SquareFootage: The area of the house in square feet.

Bedrooms: The number of bedrooms in the house.

Bathrooms: The number of bathrooms in the house.

Price: The price of the house.

In [40]:
# Step 1: Load  Data

# Sample dataset
data = [
    (1200, 3, 2, 300000),
    (1500, 4, 3, 350000),
    (800, 2, 1, 200000),
    (2500, None, 3, 450000),
    (1800, 4, 2, 400000),
    (2500, 5, 3, 500000),
    (None, 4, 3, 400000)

]

# Define schema
columns = ["SquareFootage", "Bedrooms", "Bathrooms", "Price"]

# Create DataFrame
df = spark.createDataFrame(data, schema=columns)
df.show()


+-------------+--------+---------+------+
|SquareFootage|Bedrooms|Bathrooms| Price|
+-------------+--------+---------+------+
|         1200|       3|        2|300000|
|         1500|       4|        3|350000|
|          800|       2|        1|200000|
|         2500|    NULL|        3|450000|
|         1800|       4|        2|400000|
|         2500|       5|        3|500000|
|         NULL|       4|        3|400000|
+-------------+--------+---------+------+



In [64]:
# Step 2: Data Preprocessing
from pyspark.ml.feature import VectorAssembler, StandardScaler

# Preprocessing

# Check for missing values
df.describe().show()
# Fill missing values (if any) with mean of the column
df = df.na.fill({
    'SquareFootage': df.agg({'SquareFootage': 'mean'}).collect()[0][0],
    'Bedrooms': df.agg({'Bedrooms': 'mean'}).collect()[0][0],
    'Bathrooms': df.agg({'Bathrooms': 'mean'}).collect()[0][0]
})
df.show()

# Normalize the features using StandardScaler if needed:
# Assemble features into a vector
assembler = VectorAssembler(inputCols=["SquareFootage", "Bedrooms", "Bathrooms"], outputCol="unscaled_features")
output = assembler.transform(df)
# Scale features
scaler = StandardScaler(inputCol="unscaled_features", outputCol="features", withStd=True, withMean=True)
scaler_model = scaler.fit(output)
scaled_output = scaler_model.transform(output)
# Show scaled features
scaled_output.select("features", "Price").show()


+-------+------------------+------------------+------------------+-----------------+
|summary|     SquareFootage|          Bedrooms|         Bathrooms|            Price|
+-------+------------------+------------------+------------------+-----------------+
|  count|                 7|                 7|                 7|                7|
|   mean|1716.5714285714287|3.5714285714285716|2.4285714285714284|371428.5714285714|
| stddev| 630.9164913422528|0.9759000729485332|0.7867957924694432| 99402.9797388005|
|    min|               800|                 2|                 1|           200000|
|    max|              2500|                 5|                 3|           500000|
+-------+------------------+------------------+------------------+-----------------+

+-------------+--------+---------+------+
|SquareFootage|Bedrooms|Bathrooms| Price|
+-------------+--------+---------+------+
|         1200|       3|        2|300000|
|         1500|       4|        3|350000|
|          800|       2|

In [65]:
# Step 3: Model Training
from pyspark.ml.regression import LinearRegression

# Split the data into training and test sets
train_data, test_data = scaled_output.randomSplit([0.8, 0.2])

# Initialize the linear regression model
lr = LinearRegression(labelCol="Price", featuresCol="features")

# Fit the model to the training data
model = lr.fit(train_data)

# Model Evaluation

RMSE, R², and MAE are commonly used metrics in regression analysis, each offering a different perspective on model performance.
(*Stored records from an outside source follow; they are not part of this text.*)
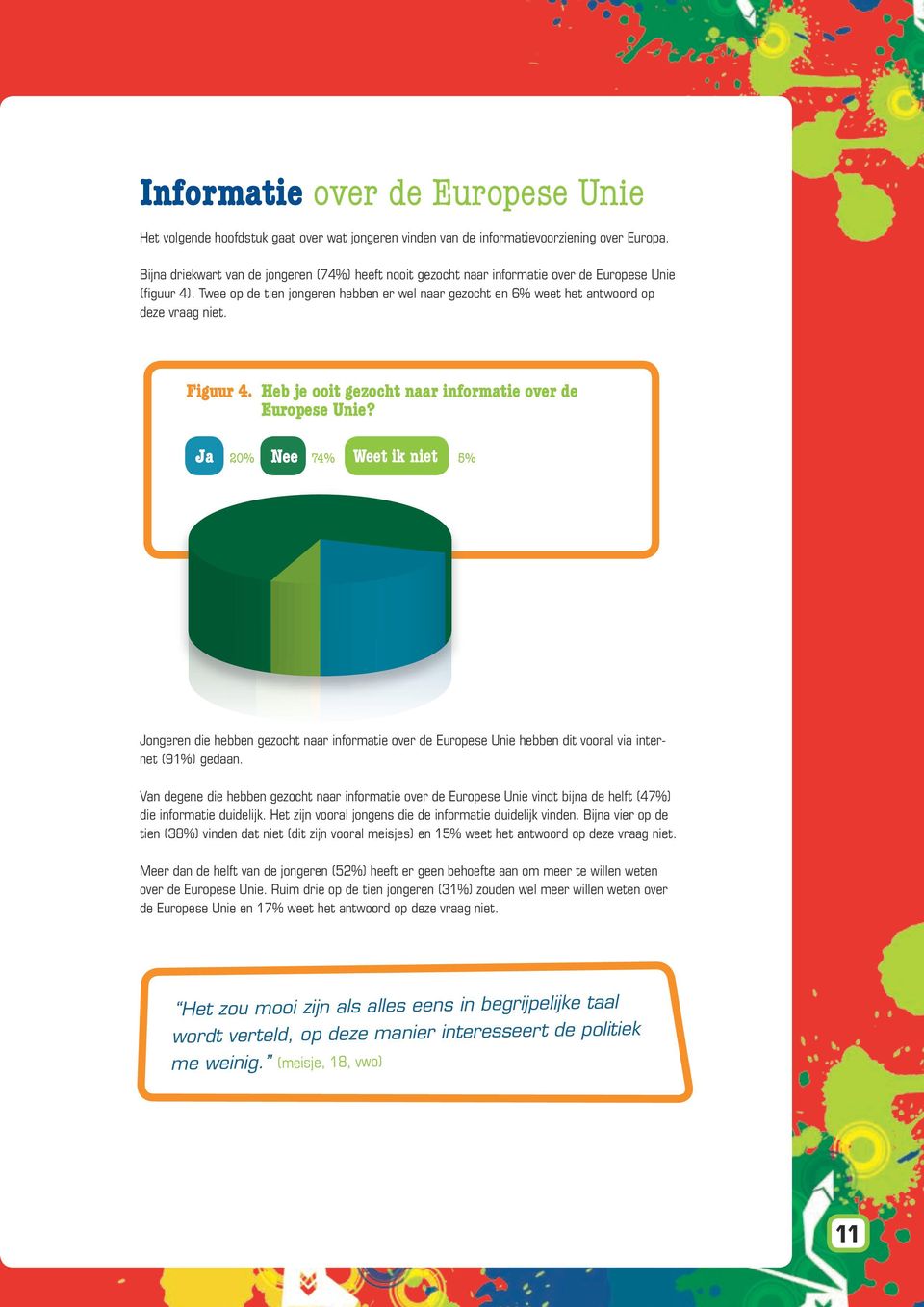 Twee op de tien jongeren hebben er wel naar gezocht en 6% weet het antwoord op deze vraag niet. Figuur 4. Heb je ooit gezocht naar informatie over de Europese Unie?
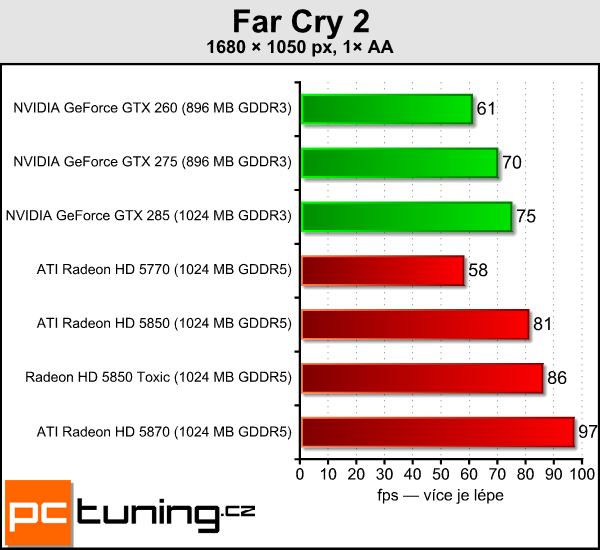 Sapphire Radeon HD 5850 Toxic — tichý a opravdu výkonný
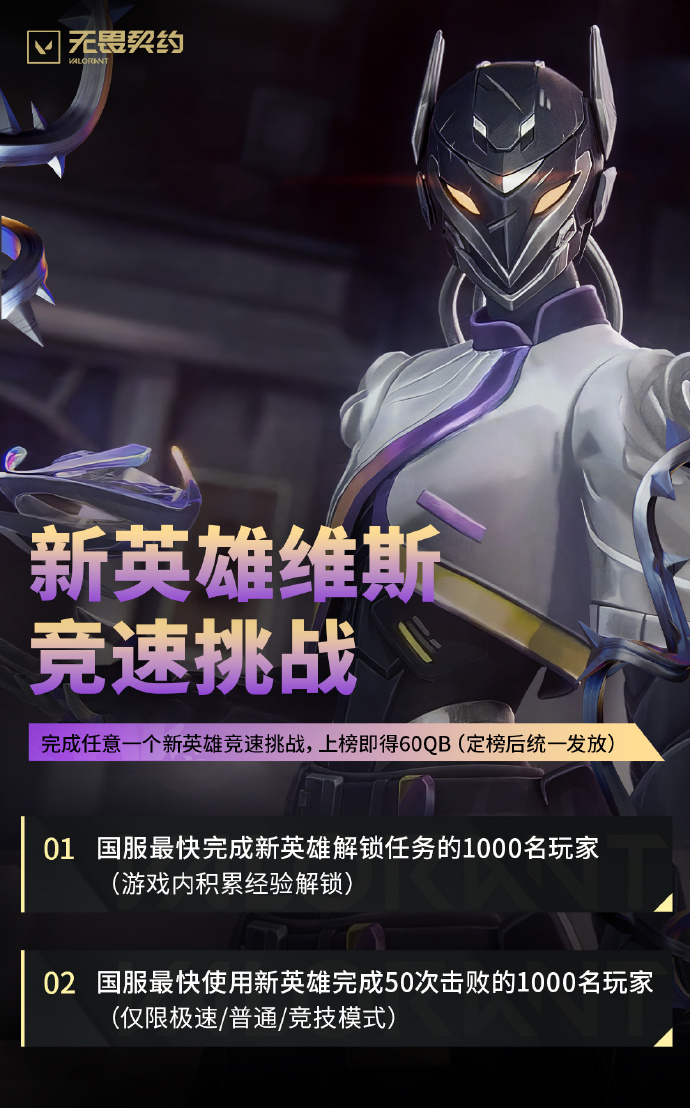 纽沃斯英雄有哪些新手易上手的角色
Here's a comparison of these metrics:

1. Root Mean Squared Error (RMSE)
* Definition: RMSE measures the square root of the average of the squared differences between predicted and actual values.
* Scale: It has the same units as the target variable.
* Sensitivity: RMSE is sensitive to outliers due to the squaring of errors, which can disproportionately increase the metric for models with large errors.
* Interpretation: A lower RMSE indicates better model performance, meaning the predictions are closer to the actual values. It's often preferred when large errors are particularly undesirable.

2. R-squared (R²)
* Definition: R² is a statistical measure that represents the proportion of the variance in the dependent variable that is predictable from the independent variables.
* Scale: R² ranges from 0 to 1 (or can be negative if the model is worse than a horizontal line). An R² of 1 indicates that the model explains all the variance in the data.
* Sensitivity: R² is less sensitive to outliers compared to RMSE and does not directly measure error magnitude.
* Interpretation: A higher R² value indicates a better fit of the model to the data. However, a high R² doesn’t necessarily mean the model is good—it could also indicate overfitting, especially in complex models.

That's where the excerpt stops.